«Elevar esta linhagem ao estatuto de espécie distinta permitir-nos-á travar a repopulação inadequada», melhorando «a conservação e a gestão de um património com dois milhões de anos» que se encontra em declínio, explica o BIOPOLIS/CIBIO — Centro de Investigação em Biodiversidade e Recursos Genéticos/Laboratório Associado ao InBIO, que participou no estudo, num comunicado.
Reconhecer a diversidade
Os cientistas defendem que reconhecer esta diversidade «não significa descobrir um animal novo e desconhecido, mas sim classificar corretamente uma linhagem já identificada, atribuindo-lhe o estatuto adequado para travar a sua extinção por substituição».
«Já não é possível gerir as populações de coelhos na Península Ibérica como se constituíssem uma única entidade biológica. Reconhecer estas duas espécies é fundamental para desenvolver medidas de conservação adequadas e impedir que uma única linhagem evolutiva continue o seu declínio», salienta Nuno Ferrand, diretor e investigador do CIBIO e um dos autores do estudo.
Duas espécies diferentes
O estudo, publicado na revista científica Biological Conservation, «revela que a Península Ibérica alberga duas espécies de coelho, e não apenas uma, como se pensava anteriormente», demonstrando a existência de «duas linhagens profundamente diferenciadas, que divergiram há cerca de dois milhões de anos e permanecem isoladas do ponto de vista reprodutivo».
O BIOPOLIS/CIBIO esclarece que, atualmente, o coelho na Península Ibérica é classificado em duas subespécies da mesma espécie: o coelho-comum-europeu e o coelho-ibérico.
«Enquanto o coelho-comum-europeu, no norte e leste da península, se mantém estável ou em expansão, o coelho ibérico, restrito a Portugal e ao sudoeste de Espanha, encontra-se em declínio acentuado», observa.
Assim, colocar as duas linhagens numa única espécie significa «camuflar o declínio catastrófico de uma antiga linhagem evolutiva».
Daí a proposta de o elevar ao estatuto de espécie distinta, resume ele.
Análise de dados
No estudo, foram analisados dados genómicos, morfológicos, reprodutivos e ecológicos recolhidos ao longo das últimas décadas em toda a Península Ibérica.

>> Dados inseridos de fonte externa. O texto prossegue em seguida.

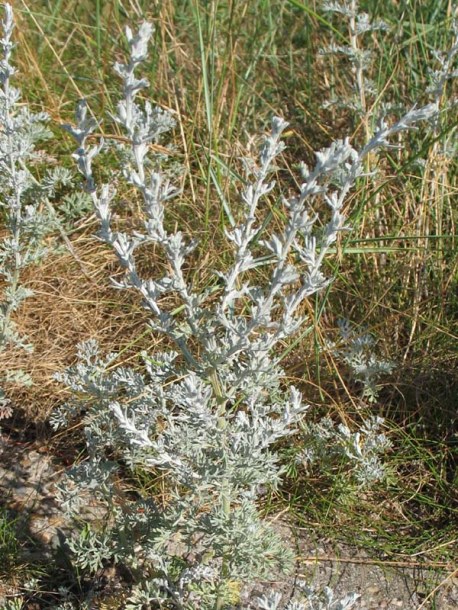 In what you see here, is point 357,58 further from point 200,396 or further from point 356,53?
point 200,396

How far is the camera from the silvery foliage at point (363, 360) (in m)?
2.92

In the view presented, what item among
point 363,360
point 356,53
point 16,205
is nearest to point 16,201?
point 16,205

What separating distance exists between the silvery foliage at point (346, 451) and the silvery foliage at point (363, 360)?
4.8 inches

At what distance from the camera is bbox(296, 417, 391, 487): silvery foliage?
9.09 ft

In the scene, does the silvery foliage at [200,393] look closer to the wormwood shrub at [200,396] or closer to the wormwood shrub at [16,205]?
the wormwood shrub at [200,396]

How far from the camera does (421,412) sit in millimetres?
3064

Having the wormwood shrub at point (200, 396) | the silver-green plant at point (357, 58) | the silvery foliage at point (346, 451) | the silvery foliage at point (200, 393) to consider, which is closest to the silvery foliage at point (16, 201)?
the wormwood shrub at point (200, 396)

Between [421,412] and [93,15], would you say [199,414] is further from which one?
[93,15]

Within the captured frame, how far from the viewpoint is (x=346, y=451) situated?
2.79 metres

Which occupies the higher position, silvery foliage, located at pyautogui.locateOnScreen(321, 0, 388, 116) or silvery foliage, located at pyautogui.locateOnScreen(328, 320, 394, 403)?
silvery foliage, located at pyautogui.locateOnScreen(321, 0, 388, 116)

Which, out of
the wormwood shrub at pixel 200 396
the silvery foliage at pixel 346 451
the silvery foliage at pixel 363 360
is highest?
the wormwood shrub at pixel 200 396

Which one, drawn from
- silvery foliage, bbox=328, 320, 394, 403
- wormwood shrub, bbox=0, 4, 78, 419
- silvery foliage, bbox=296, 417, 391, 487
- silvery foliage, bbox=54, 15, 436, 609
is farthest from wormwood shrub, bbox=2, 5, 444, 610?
silvery foliage, bbox=328, 320, 394, 403

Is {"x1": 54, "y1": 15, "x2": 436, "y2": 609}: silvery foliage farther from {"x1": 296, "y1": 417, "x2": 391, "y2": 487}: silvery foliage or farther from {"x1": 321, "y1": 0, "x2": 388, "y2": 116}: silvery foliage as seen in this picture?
{"x1": 321, "y1": 0, "x2": 388, "y2": 116}: silvery foliage

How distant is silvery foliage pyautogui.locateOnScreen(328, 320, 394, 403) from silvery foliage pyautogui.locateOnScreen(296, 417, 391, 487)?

«Os investigadores desenvolveram um quadro evolutivo e de conservação para avaliar de que forma os atuais quadros de gestão da biodiversidade, os regulamentos de caça e os programas de translocação afetam estas entidades biológicas distintas», descreve ele.

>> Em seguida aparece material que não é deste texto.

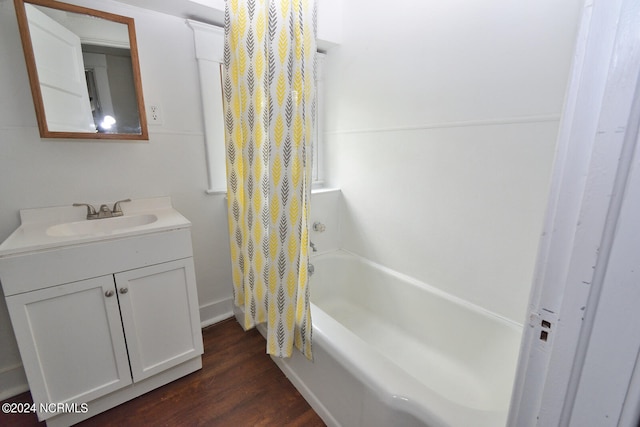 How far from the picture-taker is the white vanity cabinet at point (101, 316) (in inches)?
40.7

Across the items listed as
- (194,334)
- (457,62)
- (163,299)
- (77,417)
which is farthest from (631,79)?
(77,417)

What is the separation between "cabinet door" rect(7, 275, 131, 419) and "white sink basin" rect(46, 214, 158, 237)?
11.4 inches

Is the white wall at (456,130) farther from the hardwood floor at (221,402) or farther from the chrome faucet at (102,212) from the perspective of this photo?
the chrome faucet at (102,212)

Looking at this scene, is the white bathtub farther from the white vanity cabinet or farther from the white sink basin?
the white sink basin

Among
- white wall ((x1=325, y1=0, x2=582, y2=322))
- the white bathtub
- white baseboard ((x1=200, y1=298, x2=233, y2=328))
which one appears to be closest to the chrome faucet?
white baseboard ((x1=200, y1=298, x2=233, y2=328))

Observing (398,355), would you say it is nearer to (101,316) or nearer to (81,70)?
(101,316)

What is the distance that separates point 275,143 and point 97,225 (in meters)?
1.06

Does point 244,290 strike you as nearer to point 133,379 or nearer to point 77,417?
point 133,379

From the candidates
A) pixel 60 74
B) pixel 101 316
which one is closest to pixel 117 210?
pixel 101 316

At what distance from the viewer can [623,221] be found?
0.30 metres

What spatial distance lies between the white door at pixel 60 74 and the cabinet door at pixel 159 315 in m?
0.81

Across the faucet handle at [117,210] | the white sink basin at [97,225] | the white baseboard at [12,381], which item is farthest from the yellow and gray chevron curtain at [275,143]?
the white baseboard at [12,381]

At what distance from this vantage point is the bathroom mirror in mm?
1202

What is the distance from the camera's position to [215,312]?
192 cm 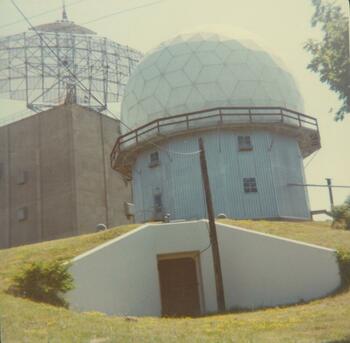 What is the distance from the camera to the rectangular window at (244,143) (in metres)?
34.8

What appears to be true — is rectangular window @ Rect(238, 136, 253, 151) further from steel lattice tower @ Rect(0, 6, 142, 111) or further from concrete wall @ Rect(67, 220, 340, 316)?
steel lattice tower @ Rect(0, 6, 142, 111)

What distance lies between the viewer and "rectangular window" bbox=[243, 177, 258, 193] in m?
34.0

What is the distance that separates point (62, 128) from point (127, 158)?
38.8ft

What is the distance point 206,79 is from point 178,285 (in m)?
14.7

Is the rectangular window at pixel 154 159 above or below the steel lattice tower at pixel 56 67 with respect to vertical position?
below

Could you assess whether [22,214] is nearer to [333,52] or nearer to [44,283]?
[44,283]

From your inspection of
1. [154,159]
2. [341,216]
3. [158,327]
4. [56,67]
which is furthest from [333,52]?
[56,67]

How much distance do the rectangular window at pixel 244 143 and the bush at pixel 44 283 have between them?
19.6 metres

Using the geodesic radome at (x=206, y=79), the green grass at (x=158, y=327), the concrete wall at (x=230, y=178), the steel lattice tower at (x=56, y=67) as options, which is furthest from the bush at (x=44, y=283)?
the steel lattice tower at (x=56, y=67)

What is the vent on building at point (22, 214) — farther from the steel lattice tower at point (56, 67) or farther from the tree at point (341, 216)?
the tree at point (341, 216)

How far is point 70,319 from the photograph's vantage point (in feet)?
46.9

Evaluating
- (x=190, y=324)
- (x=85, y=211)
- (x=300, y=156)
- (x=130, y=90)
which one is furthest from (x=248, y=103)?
(x=190, y=324)

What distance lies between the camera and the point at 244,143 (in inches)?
1382

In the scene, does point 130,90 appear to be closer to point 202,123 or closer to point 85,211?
point 202,123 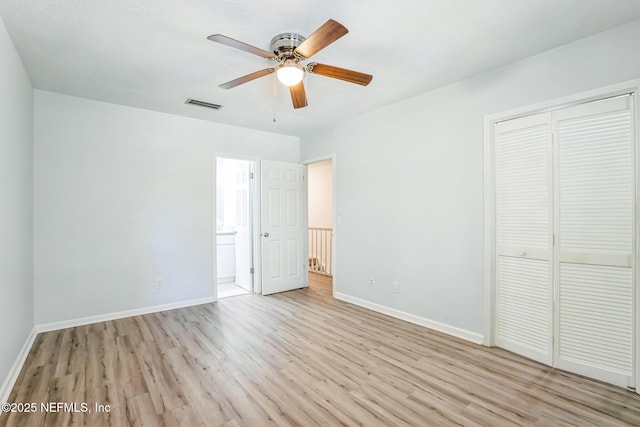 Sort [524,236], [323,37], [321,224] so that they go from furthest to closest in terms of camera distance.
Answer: [321,224] → [524,236] → [323,37]

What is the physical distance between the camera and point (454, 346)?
9.39 feet

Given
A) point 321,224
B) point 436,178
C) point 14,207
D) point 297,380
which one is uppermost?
point 436,178

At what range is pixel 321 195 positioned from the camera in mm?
7668

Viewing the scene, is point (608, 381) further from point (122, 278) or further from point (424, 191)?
point (122, 278)

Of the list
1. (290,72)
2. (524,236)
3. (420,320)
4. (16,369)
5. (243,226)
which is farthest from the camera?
(243,226)

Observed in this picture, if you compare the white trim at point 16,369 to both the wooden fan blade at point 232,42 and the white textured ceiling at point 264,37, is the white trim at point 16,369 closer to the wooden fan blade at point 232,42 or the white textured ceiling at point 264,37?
the white textured ceiling at point 264,37

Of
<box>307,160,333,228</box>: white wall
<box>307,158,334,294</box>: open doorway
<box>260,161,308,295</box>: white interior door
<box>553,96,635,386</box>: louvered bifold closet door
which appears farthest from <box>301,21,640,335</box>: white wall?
<box>307,160,333,228</box>: white wall

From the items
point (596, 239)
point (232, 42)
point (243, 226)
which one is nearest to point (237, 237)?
point (243, 226)

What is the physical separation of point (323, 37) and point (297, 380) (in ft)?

Os cientistas concluirão que as duas linhagens permaneceram «reprodutivamente isoladas ao longo da sua história evolutiva» e que o coelho ibérico «cumpriria os critérios para ser considerado “em perigo de extinção” devido ao seu declínio contínuo».
Diferenças biológicas
Por outro lado, os investigadores observaram que o coelho ibérico «apresenta profundas diferenças biológicas: para além da genética, é um animal mais pequeno, mais escuro e menos social, com densidades populacionais mais baixas, desenvolvimento sexual mais precoce e ninhadas mais pequenas do que o coelho comum».
«Enquanto espécie-chave que sustenta muitos predadores no ecossistema mediterrânico, incluindo o lince ibérico e a águia imperial ibérica, o colapso do coelho ibérico ameaça a biodiversidade regional», alertam.
Revisão urgente
Segundo os investigadores, «estes resultados exigem uma revisão urgente das decisões relativas à gestão da vida selvagem na Península Ibérica e, em particular, em Portugal».
«O estudo justifica a necessidade de mudanças, tais como o ajustamento dos períodos e quotas de caça, reconhecendo que a dinâmica demográfica mais lenta do coelho ibérico o torna vulnerável à sobreexploração», afirmam.
Os cientistas esperam que estas conclusões «sensibilizem as comunidades cinegéticas, os gestores ambientais e os decisores políticos para a urgência de conceber planos de recuperação específicos para o coelho ibérico».